Kepala Seksi (Kasi) Pidana Khusus Kejari Samarinda Zainal Effendi mengatakan, pihaknya juga menetapkan dua tersangka lainnya dalam kasus itu. Keduanya, yakni Mifatul selaku Pejabat Pelaksana Teknis Kegiatan (PPTK) dan Sayid selaku kontraktor dalam proyek pembanguan pasar di Kelurahan Baqa, Samarinda Seberang tersebut.

“Saat ini, ketiganya dalam proses penahanan di Rutan kelas II A Samarinda, terhitung mulai tanggal 8-27 Oktober 2019, hingga berkas perkara dilimpahkan ke pengadilan,” katanya.

BACA JUGA:

11 Tahun DPO, Terpidana Korupsi Pasar Horas Ditangkap saat Sarapan

Korupsi Pembangunan Pasar di Pulang Pisau Rp2,7 M, Polisi Tetapkan 5 Tersangka

Menurut Zainal, pihaknya telah menggandeng tim ahli dari Universitas Gajah Mada, Yogyakarta dalam penyidikan kasus tersebut. Berdasarkan laporan dari tim ahli, ditemukan kekurangan volume fisik dan ada beberapa item fisik yang tidak sesuai dengan Rencana Anggaran Biaya (RAB). “Setelah diaudit ada kerugian negara sekitar Rp2 miliar,” katanya.

Zainal mengatakan, nilai kerugian negara tersebut bisa berkembang. Sebab, tim ahli dari UGM masih melakukan kajian terkait sejumlah item lainnya yang dikerjakan dalam proyek tersebut.

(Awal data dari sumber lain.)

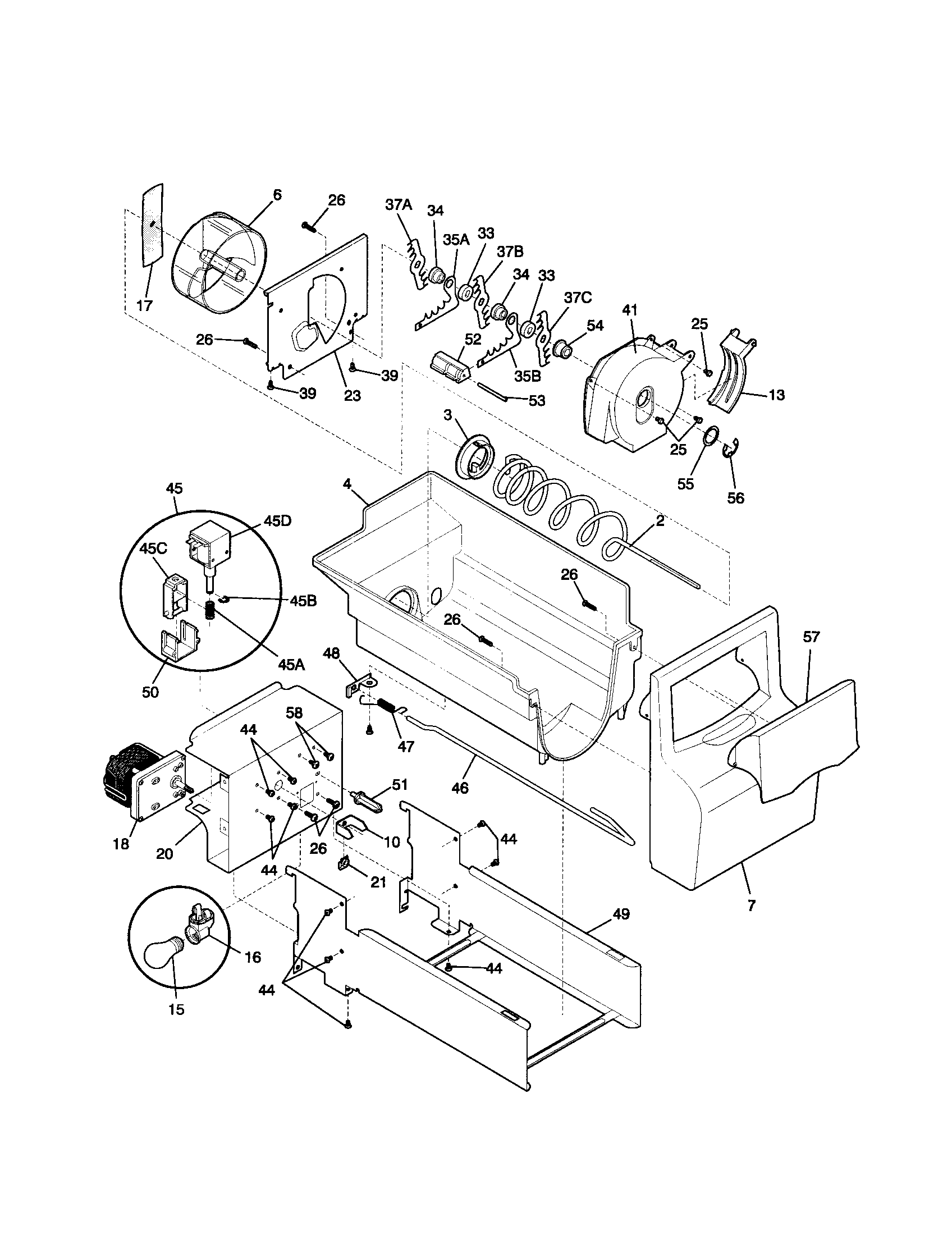 Frigidaire FRS26ZTHD4 ice container diagram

“Tim penyidik kami terus melakukan pengembangan di lapangan untuk melengkapi berkas ke pengadilan,” katanya.

Pasar Baqa yang berada di Jalan Sultan Hasanuddin Kelurahan Baqa Kecamatan Samarinda Seberang telah ada sejak tahun 1970. Pasar yang memiliki 339 petak ini memenuhi kebutuhan masyarakat sekitar seperti beras, sayur-sayuran, telur, ikan, ayam, dan lain-lain.

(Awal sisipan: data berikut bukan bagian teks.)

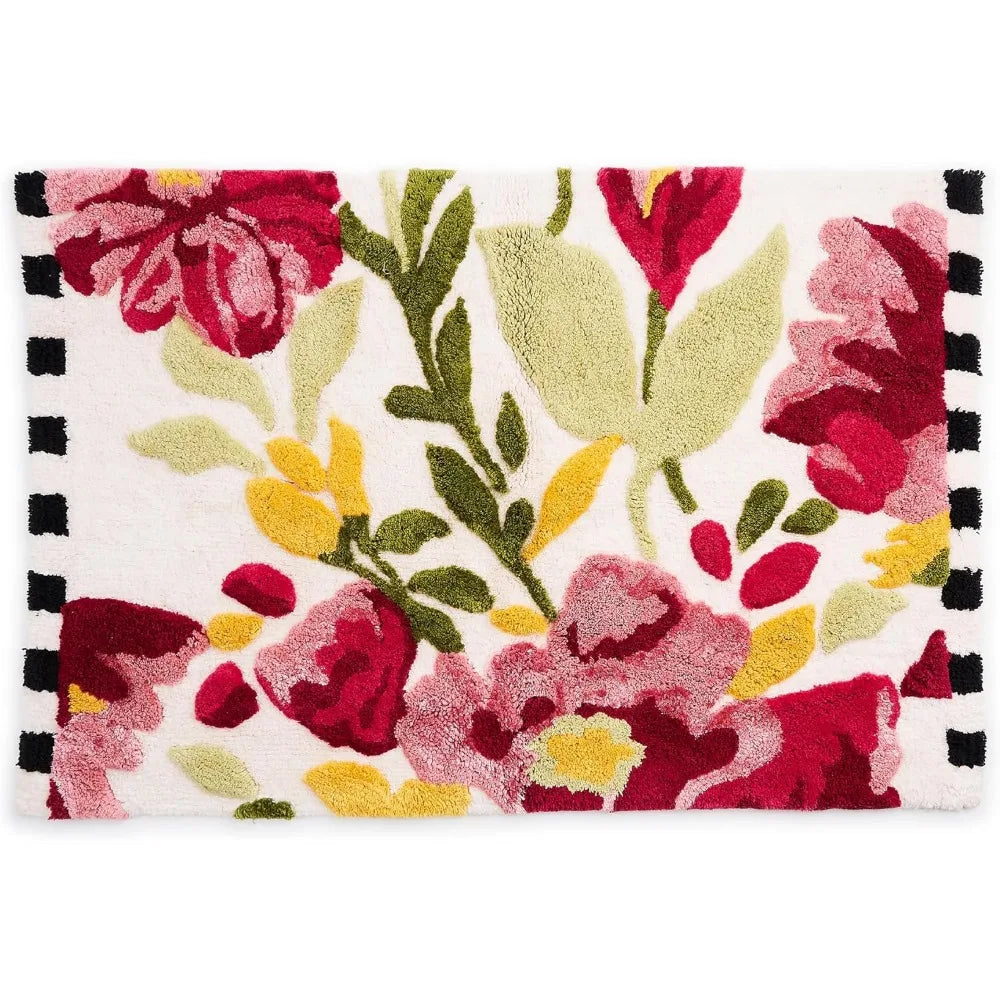 Cotton Spring Floral Bath Mat by Mackenzie-Childs - Washable Bathroom Rug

Pasar Baqa mulai direnovasi oleh Pemerintah Kota Samarinda pada tahun 2014 dengan anggaran Rp17 miliar dari APBD Kota Samarinda tahun 2014-2015. Pembangunan sudah sampai tahap kerangka bangunan fisik tiga lantai. Namun, setelah itu tidak pernah ada lagi kelanjutan proyek sehingga pembangunan pasar sempat mangkrak dalam beberapa tahun.